Charger remained without noble friends of his own age or elders sympathetic to him. Instead, he found his friends as my Redbird did, amongst the lowly folk of the keep, the dog-boys and the kitchen-help and the gardeners and such. Redbird was ever at his heels, faithful as a hound, and often the two would fall asleep by the hearth, leaning on one another. Folk shook their heads to see any kind of a prince, even a piebald bastard one, reduced to such playmates.
In due time, Charger was tested for the Skill, and found to have little of the rightful Farseer magic. It was only with the greatest effort that the Skillmaster could reach his mind with his thoughts, and Charger was completely unable to make his own thoughts known to any of the King’s Coterie. Now some will say that this alone was a strong sign of his common birth, and others that the lowly magic
of animals destroyed any Farseer magic in him. But no one can know one way or another, and therefore no proper minstrel would vouch for the truth of it. I would say that his mother had little ability for that magic either, and it is well known that it is not bestowed every generation, nor that every child of royal blood inherits the same strength of it.

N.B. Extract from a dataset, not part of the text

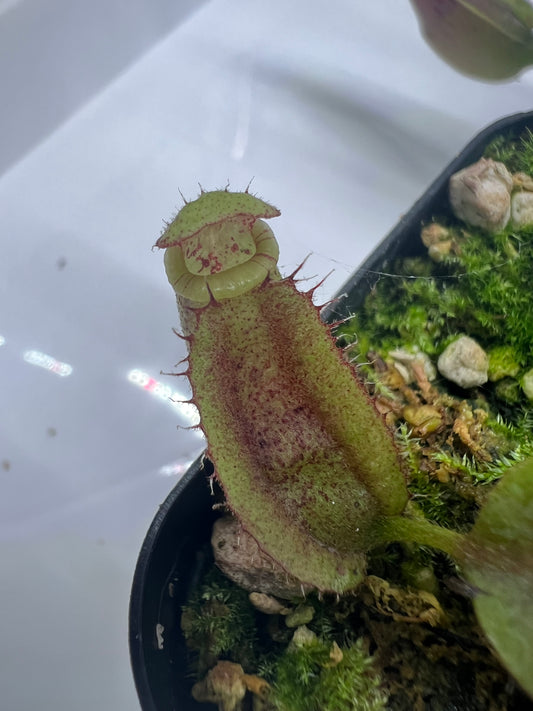 Nepenthes maxima 'Geoff Wong' x veitchii 'Candy Dreams'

King Virile ruled well and the Piebald Prince grew as boys will, sprouting up like bean plants, so that it seemed one but turned around and he stood one day as tall as his grandfather. By then my own Redbird, slight as he was, had been discovered to have a sweet voice and strong lungs. He had his father’s looks, his copper hair and hazel eyes, and from his father too, he took his fine voice. More than once I overheard folk marvel that a rangy cow like me should have dropped such a fine calf. He would remain small of stature and slender as a boy for all his life, but he was sunny natured, and clever at his letters and numbers. He was as cautious as the prince was daring, well aware he could not climb, wrestle or run as well as the other lads of his age; but for all that, he was utterly devoted to the prince, and for his part, Charger watched out for him as if he were a younger brother, with both fondness and tolerance for his lesser strength. I dared to dream large dreams for my son, but kept them to myself, resolved that he should be the one to steer his life.
When the minstrels of the keep offered to vouch for Redbird to enter their guild, he beseeched me to allow it. It cut like a knife but I smiled and I let him go. I told myself that it was right to let him have his own life. And he did not go far, for in those days his own father, Copper Songsmith, had returned to the keep. Although he never claimed Redbird as his son, he was pleased to take him as an apprentice. So I saw my son often enough, even if he did leave Buckkeep Castle to live in the Guild Hall with the other apprentices. Redbird chose to take the path of one who keeps the records and witnesses to the truth of agreements. He had many lineages to learn, and all of the old histories to memorize, but these things he seemed to relish. I sometimes thought of the days when only a switch would make him sit down and take heed, and wondered where that distractible child had gone.